However, the interest you receive from the bank on such a term deposit is usually not free of tax.

Income Tax on Fixed Deposit Interest

The interest you receive from a fixed deposit, either from a bank, post office, or corporate, is completely taxable. You can choose to pay the tax in any of the following two manners:

1. Accrual Basis

Whether the interest is received in your account or cash or not, you declare the interest credit and pay the tax.

2. Cash Basis

You pay the tax as and when you withdraw the interest or FD matures.

The only catch is that you need to use only one of these methods for all FD tax calculations. And once you choose one method of taxation for one FD you cannot change it.

You need to add the interest income from FDs to your other taxable income before calculating your tax liability as per the slab rates.

TDS on Fixed Deposit

Interest income that you earn from your termed fixed deposits is fully taxable. Banks will deduct tax at source (TDS) on the interest income at 10% if it exceeds:

a) 40,000 if you are below 60 years of age

b) 50,000 if you are a senior citizen, i.e. above 60 years of age

The deducted TDS will show up on your Form 26AS, which reduces your final tax liability.

You will need to be careful while filing your FD returns on the receipt (cash) basis, as TDS applies on the accrued interest. So, make sure all your TDS for the years of accrual have been carried forward to the year in which you are receiving the interest.

How to Avoid TDS on FD Interest?

The first question is, ‘can you avoid TDS on fixed deposit interest?’ Yes, you can, but only in the following cases:

 -   Your total interest for the year from FDs does not exceed the TDS limits
 -   FD interest is your only income

While you do not need to do anything in the first case, in the second you need to submit form 15G & 15H.
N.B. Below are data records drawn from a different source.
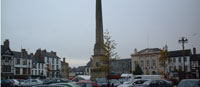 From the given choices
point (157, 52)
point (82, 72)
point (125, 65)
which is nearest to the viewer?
point (157, 52)

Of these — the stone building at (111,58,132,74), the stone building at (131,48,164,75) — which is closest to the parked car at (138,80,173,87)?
the stone building at (131,48,164,75)

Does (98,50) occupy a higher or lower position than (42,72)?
higher

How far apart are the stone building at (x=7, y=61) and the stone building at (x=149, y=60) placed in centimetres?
4043

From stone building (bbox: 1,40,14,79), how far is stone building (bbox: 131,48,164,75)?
4043 centimetres

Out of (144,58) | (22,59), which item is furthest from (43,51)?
(144,58)

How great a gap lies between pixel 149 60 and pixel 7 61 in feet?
142

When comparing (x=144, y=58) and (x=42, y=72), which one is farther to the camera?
(x=144, y=58)

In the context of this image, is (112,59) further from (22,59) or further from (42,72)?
(42,72)

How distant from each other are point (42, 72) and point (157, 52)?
35.9m

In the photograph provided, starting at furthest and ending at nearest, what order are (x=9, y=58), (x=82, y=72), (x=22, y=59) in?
1. (x=82, y=72)
2. (x=22, y=59)
3. (x=9, y=58)

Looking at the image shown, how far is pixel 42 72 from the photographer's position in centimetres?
7456

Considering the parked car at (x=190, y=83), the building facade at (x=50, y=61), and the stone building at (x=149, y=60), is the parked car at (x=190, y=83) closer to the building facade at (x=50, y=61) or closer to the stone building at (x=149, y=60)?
the building facade at (x=50, y=61)

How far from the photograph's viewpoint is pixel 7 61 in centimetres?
6009

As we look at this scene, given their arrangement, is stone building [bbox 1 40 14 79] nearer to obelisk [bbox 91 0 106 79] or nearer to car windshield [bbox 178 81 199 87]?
obelisk [bbox 91 0 106 79] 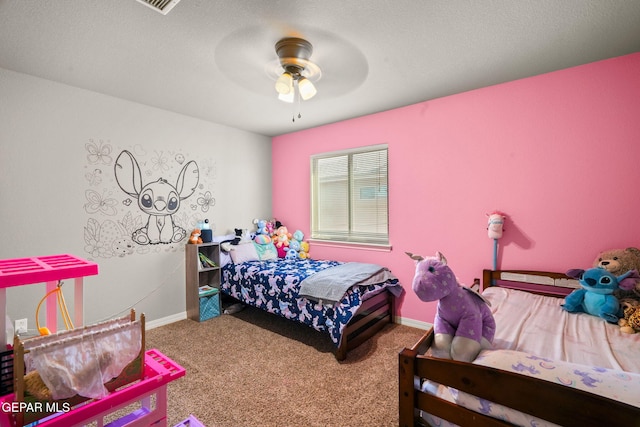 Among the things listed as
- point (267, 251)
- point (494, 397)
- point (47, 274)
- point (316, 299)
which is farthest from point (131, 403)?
point (267, 251)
Form 15G/H is a declaration form to declare that FD interest is your only income in the financial year. You need to file 15G if you are below 60 and 15H if above 60 years of age.
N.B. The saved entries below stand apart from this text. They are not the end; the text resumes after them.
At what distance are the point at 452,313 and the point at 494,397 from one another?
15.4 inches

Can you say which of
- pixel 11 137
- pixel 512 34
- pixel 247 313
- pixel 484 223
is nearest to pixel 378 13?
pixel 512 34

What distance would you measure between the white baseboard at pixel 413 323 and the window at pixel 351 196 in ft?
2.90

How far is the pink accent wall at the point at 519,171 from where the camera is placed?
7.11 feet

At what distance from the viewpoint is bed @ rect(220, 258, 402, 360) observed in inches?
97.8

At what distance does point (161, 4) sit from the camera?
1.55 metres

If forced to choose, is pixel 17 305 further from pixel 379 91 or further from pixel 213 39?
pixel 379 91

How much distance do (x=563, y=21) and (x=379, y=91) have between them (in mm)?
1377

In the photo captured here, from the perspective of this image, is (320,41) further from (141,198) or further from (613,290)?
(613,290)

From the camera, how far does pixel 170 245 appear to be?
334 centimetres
Income Tax on Fixed Deposit

Understand the difference between Form 15G and 15H.

Income Tax on Interest from Tax-Saving FDs

The five-year tax-saving term deposits from banks and post office give you a deduction under section 80C. You should note that this deduction is for the invested amount and not the interest.

Thus, you can claim a deduction of up to Rs 1.5 lakhs on the invested sum. But any interest you receive from the deposit will become taxable in the year it accrues.

Other Ways to Save Tax

One of the easiest ways to reduce your tax liability for the financial year is to invest in tax-saving instruments. However, you should seek to reduce not only your present tax liabilities but also the future ones, when the investment matures.

All tax-saving investments have one of the following three tax structures:

a) EEE – Investment, accrued interest and maturity amount are all exempt from tax
b) EET – Only invested amount and accrued interest are exempt
c) ETT – Only invested amount is exempt

The following investment options fall in the first category:

I. Public Provident Fund (PPF)
II. Sukanya Sammriddhi Yojana (SSY)
III. Life insurance plans such as guaranteed savings plans and moneyback plans
IV. Unit-Linked Insurance Plans (ULIPs)
V. New Pension Scheme Tier-I account

Investing in these options not only reduces your annual tax outflow but also saves you from future taxable income.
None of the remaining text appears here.